Directed flow in a baryonic fireball

TL;DR

This paper introduces a new initial condition model for baryon deposition in a tilted fireball, successfully describing directed flow of hadrons and baryon-antibaryon splitting, and highlights the potential of future measurements to constrain baryon diffusion.

Contribution

It proposes a novel baryon deposition ansatz coupled with a tilted fireball model, improving the description of directed flow and baryon-antibaryon splitting in heavy-ion collisions.

Findings

Successfully describes directed flow of identified hadrons

Reproduces baryon-antibaryon splitting of directed flow

Suggests future measurements can constrain baryon diffusion coefficient

Abstract

Directed flow of identified hadrons in a baryon rich fireball is an interesting observable as it is expected to probe several physics aspects: the initial three dimensional baryon profile in the thermalised fireball that can be treated as an input for the hydrodynamic evolution, the nature of baryon dissipation current and baryon transport coefficients, the QCD equation of state at finite baryon densities as well as the nature of phase transition between the quark gluon and hadronic phases.
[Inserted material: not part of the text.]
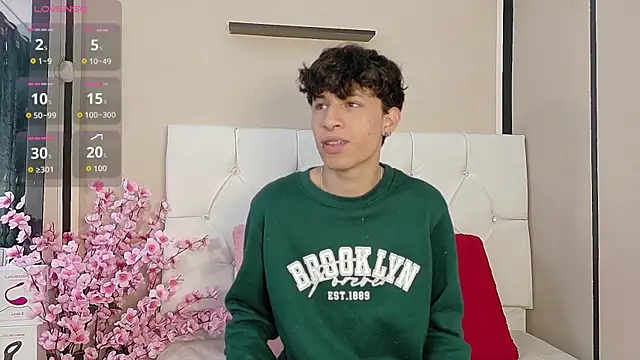 Snapshot of Axel__Evans chatting on 25, 10, 2025 Axel Evans online show from 25, 10, 2025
Particularly, the mid-rapidity slope of the rapidity dependence of directed flow of protons have been proposed as a sensitive observable to several of these physics aspects while a consistent description of the splitting in directed flow of baryon and its anti-particle has been a challenge. In this work, we propose a suitable ansatz of the initial condition for baryon deposition. When such a baryon deposition ansatz is coupled to a tilted fireball, we manage to find parameter space that can describe the directed flow of identified hadrons including the elusive baryon antibaryon splitting of directed flow. Further, we demonstrate that future measurements of baryon antibaryon directed flow at larger rapidities have the potential to constrain the baryon diffusion coefficient.